Aryl hydrocarbon receptor-mediated developmental toxicity in zebrafish embryos induced by bisphenol A

Background Exposure to bisphenol A (BPA) in the early life period can induce developmental toxicity. Aryl hydrocarbon receptor (AhR) can regulate various developmental and physiological functions, and can be activated by BPA.

Objective This experiment uses zebrafish as a model animal to study the role of AhR in the developmental toxicity of zebrafish embryos induced by BPA.

Methods Zebrafish embryos were randomly divided into eight groups: DMSO control group, AhR inhibitor CH223191 (CH) control group, BPA exposure groups (1, 5, and 25 μmol·L^-1), and CH+BPA (1, 5, and 25 μmol·L^-1) groups. The exposure period was from 2 h post-fertilization (2 hpf) to 96 h post-fertilization (96 hpf). The mortality, hatching rate, malformation rate, heart rate, body length, and locomotor ability of zebrafish embryos were evaluated. The expressions of AhR-related genes (ahr2, cyp1a1, and cyp1b1), cardiac development-related genes (nkx2.5 and sox9b), and neurodevelopment-related genes (elavl3, gfap, mbp, and syn2a), and reactive oxygen species-related genes (nrf2, sod1, sod2, ho1, and nqo1) were detected by fluorescence quantitative PCR.

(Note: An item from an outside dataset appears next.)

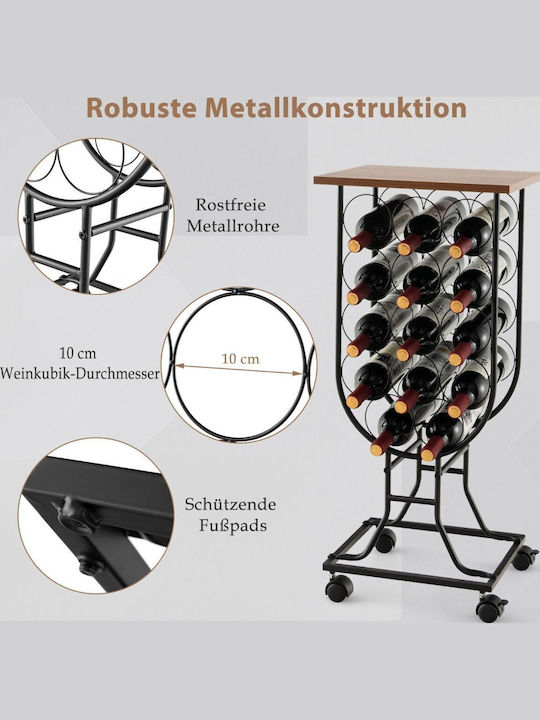 Costway Freistehend Weinkeller Hölzernes mit Rädern Braun 38x30x82εκ.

Results Compared with the DMSO control group, the zebrafish embryos in the 25 μmol·L^-1 BPA group had delayed hatching, decreased heart rate, and elevated malformation rate, and the 5 μmol·L^-1 and 25 μmol·L^-1 groups showed shortened body length, increased mortality, and decreased movement distance (P < 0.05). Compared with corresponding BPA exposure groups, the heart rate, malformation rate, and locomotor ability of the zebrafish in the CH+25μmol·L^-1 BPA group, and the body length of the CH+5μmol·L^-1 BPA group and the CH+25μmol·L^-1 BPA group all recovered (P < 0.05). However, the hatching rate and mortality rate were not affected by CH. The results of fluorescence quantitative PCR showed that AhR-related genes (ahr2, cyp1a1, and cyp1b1) were up-regulated in the BPA groups (P < 0.05), and CH combined treatment reduced the overexpression of ahr2 and cyp1a1 in each BPA group and cyp1b1 in the 25 μmol·L^-1 BPA group (P < 0.05). The expression of cardiac development-related gene nkx2.5 was down-regulated in the 25 μmol·L^-1 BPA group and that of sox9b was down-regulated in the 5 and 25 μmol·L^-1 BPA groups, respectively (P < 0.05), and the expressions were recovered after the CH combined treatment (P < 0.05). The neurodevelopment-related gene elavl3 was down-regulated in the 25 μmol·L^-1 BPA group (P < 0.05), gfap and syn2a were down-regulated in the 5 and 25 μmol·L^-1 BPA groups (P < 0.05), and mbp was down-regulated in all BPA groups (P < 0.05); the above genes were recovered after the CH combined treatment (P < 0.05). The expressions of reactive oxygen species-related gene nrf2 was up-regulated in the 25μmol·L^-1 BPA group, sod1, ho1, and nqo1 were up-regulated in the 5 and 25μmol·L^-1 BPA groups, and sod2 was up-regulated in all BPA groups (P < 0.05); after the CH treatment, the expressions of these genes returned to normal levels (P < 0.05).

Conclusion BPA may activate AhR, up-regulate the expressions of cyp1a1 and cyp1b1 genes, and enhance the production of ROS, leading to the developmental toxicity in zebrafish embryos.